Why is the accepted definition of random variable what it is?

This is the approach behind "Free probability". Apparently it is easier to treat random matrices using this approach. Terry Tao has a nice introduction here.


On rereading, I realise I was not really addressing the question, but will let it stand anyway as part of it may be relevant.


I'm not sure what the historical reasons were, so I'll just resort to giving one good reason (which may have been related to the original reason).

If you just have a single random variable, $X$, it would be easier to just say that this is described as a distribution (ie probability measure) on the real numbers. Actually, this is what is usually done in this case.

Next, make another measurement, represented by a random variable $Y$. Now, the pair $(X,Y)$ can be represented by a distribution on $\mathbb{R}^2$. Again, no need to complicate things by saying that this is the image of the probability distribution $P$ on a probability space $\Omega$ under a map $(X,Y):\Omega\rightarrow\mathbb{R}^2$.

However, note that when going from one measurement, $X$, to two measurements, $X$ and $Y$, we had to change the probability space from $\mathbb{R}$ to $\mathbb{R}^2$.

If we introduce more measurements, we have to replace the probability space with an even bigger one.

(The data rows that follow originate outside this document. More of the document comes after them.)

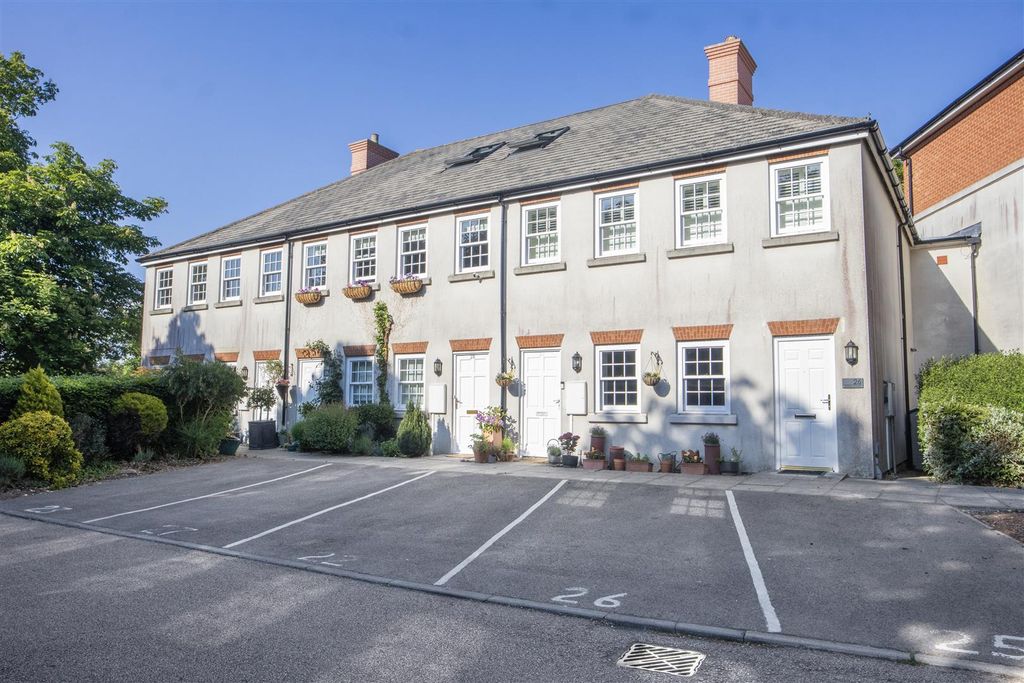 Property photo 2 of 20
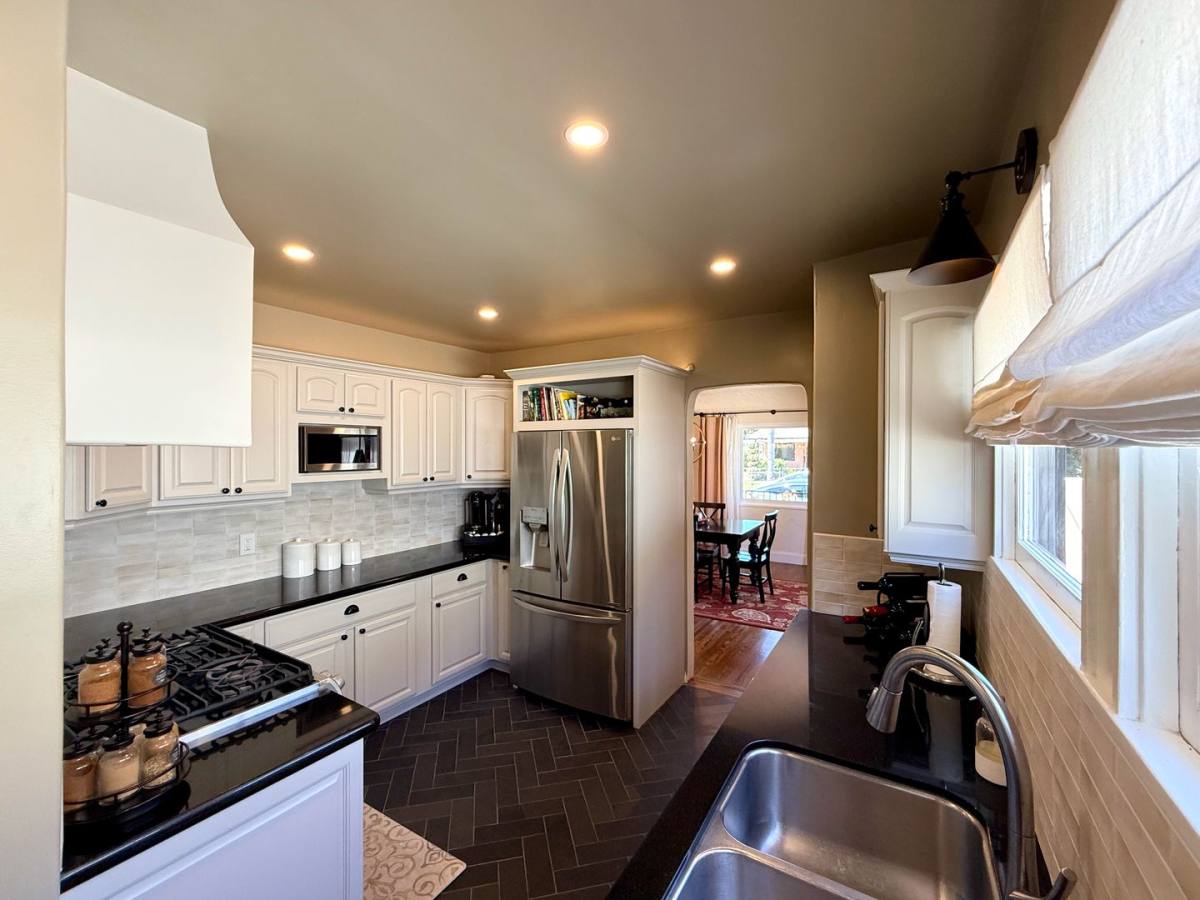 House for rent at 1622 Villa Ave, Santa Barbara, CA 93101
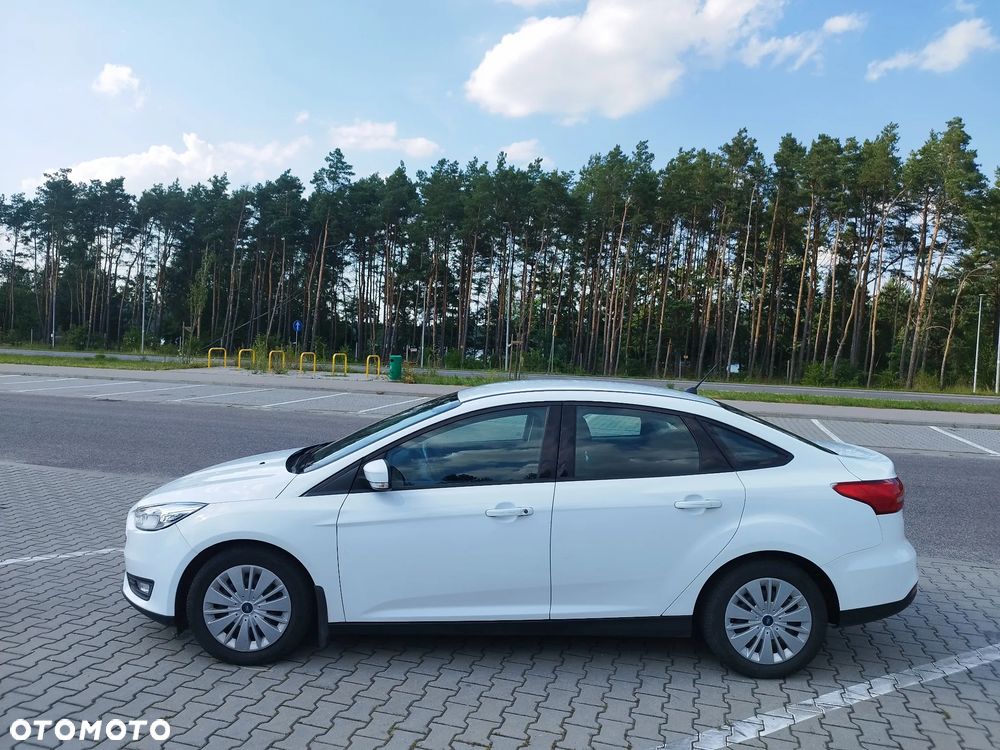 Ford Focus - 4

We also have to specify in the process how the probability distribution of $X$ corresponds to the marginal distribution of that for $(X,Y)$. While possible, this is cumbersome and unnatural.

If, instead, we say that we have a probability space, $\Omega$, and that $X,Y,Z,\ldots$ are different measurable functions on $\Omega$, it immediately follows that the marginal distributions of $(X,Y)$ will be the distributions of $X$ and $Y$ respectively.

Thus, instead of having a new probability space every time we have a new set of random variables, which would get tricky, we can make do with just one (big) probability space but with potentially many different functions on it defining random variables.